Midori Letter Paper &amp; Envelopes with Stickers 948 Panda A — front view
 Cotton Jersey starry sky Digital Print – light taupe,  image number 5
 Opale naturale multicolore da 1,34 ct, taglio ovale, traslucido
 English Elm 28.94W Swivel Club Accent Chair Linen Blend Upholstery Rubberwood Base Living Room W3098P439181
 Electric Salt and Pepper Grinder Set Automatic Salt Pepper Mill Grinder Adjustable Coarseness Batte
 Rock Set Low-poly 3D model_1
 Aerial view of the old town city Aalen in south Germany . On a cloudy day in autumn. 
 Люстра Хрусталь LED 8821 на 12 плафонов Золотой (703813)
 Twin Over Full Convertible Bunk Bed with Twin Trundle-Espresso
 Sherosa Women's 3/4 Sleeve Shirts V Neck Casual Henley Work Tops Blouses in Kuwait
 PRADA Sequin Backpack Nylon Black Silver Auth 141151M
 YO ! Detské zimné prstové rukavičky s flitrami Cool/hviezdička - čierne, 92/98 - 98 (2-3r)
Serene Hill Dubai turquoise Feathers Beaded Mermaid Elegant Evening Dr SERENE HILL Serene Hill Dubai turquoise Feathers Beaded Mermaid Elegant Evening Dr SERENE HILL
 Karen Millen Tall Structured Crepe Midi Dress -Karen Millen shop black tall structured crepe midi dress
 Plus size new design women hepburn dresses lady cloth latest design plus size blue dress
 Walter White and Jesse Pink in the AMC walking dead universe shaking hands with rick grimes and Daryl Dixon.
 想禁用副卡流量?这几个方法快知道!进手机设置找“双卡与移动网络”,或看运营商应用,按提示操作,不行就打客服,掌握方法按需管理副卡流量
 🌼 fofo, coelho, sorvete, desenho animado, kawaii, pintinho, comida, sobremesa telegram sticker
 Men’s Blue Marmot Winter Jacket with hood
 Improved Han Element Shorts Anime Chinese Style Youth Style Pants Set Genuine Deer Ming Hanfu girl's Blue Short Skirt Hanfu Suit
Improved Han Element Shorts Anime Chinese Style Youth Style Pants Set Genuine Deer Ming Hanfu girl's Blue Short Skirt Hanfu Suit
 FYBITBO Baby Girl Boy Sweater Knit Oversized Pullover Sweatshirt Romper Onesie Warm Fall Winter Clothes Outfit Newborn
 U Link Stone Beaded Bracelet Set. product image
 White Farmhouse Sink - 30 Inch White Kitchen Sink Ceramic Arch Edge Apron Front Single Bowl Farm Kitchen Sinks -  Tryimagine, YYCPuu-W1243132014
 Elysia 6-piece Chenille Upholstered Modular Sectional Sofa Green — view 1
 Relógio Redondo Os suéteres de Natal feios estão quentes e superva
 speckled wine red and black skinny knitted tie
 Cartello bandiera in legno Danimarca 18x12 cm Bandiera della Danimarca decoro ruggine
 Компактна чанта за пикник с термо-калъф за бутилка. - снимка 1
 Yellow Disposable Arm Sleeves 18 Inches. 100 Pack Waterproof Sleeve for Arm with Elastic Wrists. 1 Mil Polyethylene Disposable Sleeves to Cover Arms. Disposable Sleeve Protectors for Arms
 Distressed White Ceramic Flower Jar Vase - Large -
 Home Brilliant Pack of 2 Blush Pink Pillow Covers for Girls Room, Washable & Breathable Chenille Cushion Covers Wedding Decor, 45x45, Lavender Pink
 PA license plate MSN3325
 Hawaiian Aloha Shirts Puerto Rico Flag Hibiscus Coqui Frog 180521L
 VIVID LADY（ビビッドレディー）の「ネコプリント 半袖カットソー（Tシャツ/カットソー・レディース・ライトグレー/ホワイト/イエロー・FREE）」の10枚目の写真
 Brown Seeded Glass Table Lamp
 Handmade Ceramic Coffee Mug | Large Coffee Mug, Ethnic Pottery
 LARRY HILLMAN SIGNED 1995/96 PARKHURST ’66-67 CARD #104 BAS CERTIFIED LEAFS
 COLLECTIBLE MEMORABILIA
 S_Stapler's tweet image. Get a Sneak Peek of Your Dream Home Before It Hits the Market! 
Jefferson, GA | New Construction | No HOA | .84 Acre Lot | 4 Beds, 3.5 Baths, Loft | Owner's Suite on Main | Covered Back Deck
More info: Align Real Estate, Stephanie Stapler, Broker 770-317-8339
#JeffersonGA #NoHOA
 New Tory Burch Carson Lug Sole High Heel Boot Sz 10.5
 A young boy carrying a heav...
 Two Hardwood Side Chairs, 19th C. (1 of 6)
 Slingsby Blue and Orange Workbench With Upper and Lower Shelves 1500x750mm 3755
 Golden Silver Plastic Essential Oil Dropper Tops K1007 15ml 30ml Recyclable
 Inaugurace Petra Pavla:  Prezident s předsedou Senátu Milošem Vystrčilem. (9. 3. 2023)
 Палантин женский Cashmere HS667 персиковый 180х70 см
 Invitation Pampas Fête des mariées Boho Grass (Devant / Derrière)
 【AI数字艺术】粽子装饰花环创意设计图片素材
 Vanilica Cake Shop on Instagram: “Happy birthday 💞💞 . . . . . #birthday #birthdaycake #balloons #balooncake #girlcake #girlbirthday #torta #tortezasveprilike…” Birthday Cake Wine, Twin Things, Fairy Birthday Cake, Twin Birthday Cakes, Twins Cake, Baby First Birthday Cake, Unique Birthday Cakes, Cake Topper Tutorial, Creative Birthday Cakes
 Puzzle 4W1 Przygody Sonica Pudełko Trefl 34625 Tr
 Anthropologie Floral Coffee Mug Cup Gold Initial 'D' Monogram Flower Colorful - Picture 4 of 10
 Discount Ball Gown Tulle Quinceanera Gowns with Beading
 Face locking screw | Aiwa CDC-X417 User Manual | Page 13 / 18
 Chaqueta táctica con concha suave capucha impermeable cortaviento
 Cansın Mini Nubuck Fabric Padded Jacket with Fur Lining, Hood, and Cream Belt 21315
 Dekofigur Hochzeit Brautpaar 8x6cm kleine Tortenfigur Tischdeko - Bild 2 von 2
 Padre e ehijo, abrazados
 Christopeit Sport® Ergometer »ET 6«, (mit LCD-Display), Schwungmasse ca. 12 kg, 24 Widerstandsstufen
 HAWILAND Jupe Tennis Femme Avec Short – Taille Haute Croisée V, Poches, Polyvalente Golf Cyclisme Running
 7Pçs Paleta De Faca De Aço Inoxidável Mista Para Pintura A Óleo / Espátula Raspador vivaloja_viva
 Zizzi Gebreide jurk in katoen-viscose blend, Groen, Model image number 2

[Work to complete] Going down the listing above, begin printing at the line with "Aerial view of" and finish with the line with "想禁用副卡流量?这几个方法快", exactly as they appear.

[Task answer]
 Aerial view of the old town city Aalen in south Germany . On a cloudy day in autumn. 
 Люстра Хрусталь LED 8821 на 12 плафонов Золотой (703813)
 Twin Over Full Convertible Bunk Bed with Twin Trundle-Espresso
 Sherosa Women's 3/4 Sleeve Shirts V Neck Casual Henley Work Tops Blouses in Kuwait
 PRADA Sequin Backpack Nylon Black Silver Auth 141151M
 YO ! Detské zimné prstové rukavičky s flitrami Cool/hviezdička - čierne, 92/98 - 98 (2-3r)
Serene Hill Dubai turquoise Feathers Beaded Mermaid Elegant Evening Dr SERENE HILL Serene Hill Dubai turquoise Feathers Beaded Mermaid Elegant Evening Dr SERENE HILL
 Karen Millen Tall Structured Crepe Midi Dress -Karen Millen shop black tall structured crepe midi dress
 Plus size new design women hepburn dresses lady cloth latest design plus size blue dress
 Walter White and Jesse Pink in the AMC walking dead universe shaking hands with rick grimes and Daryl Dixon.
 想禁用副卡流量?这几个方法快知道!进手机设置找“双卡与移动网络”,或看运营商应用,按提示操作,不行就打客服,掌握方法按需管理副卡流量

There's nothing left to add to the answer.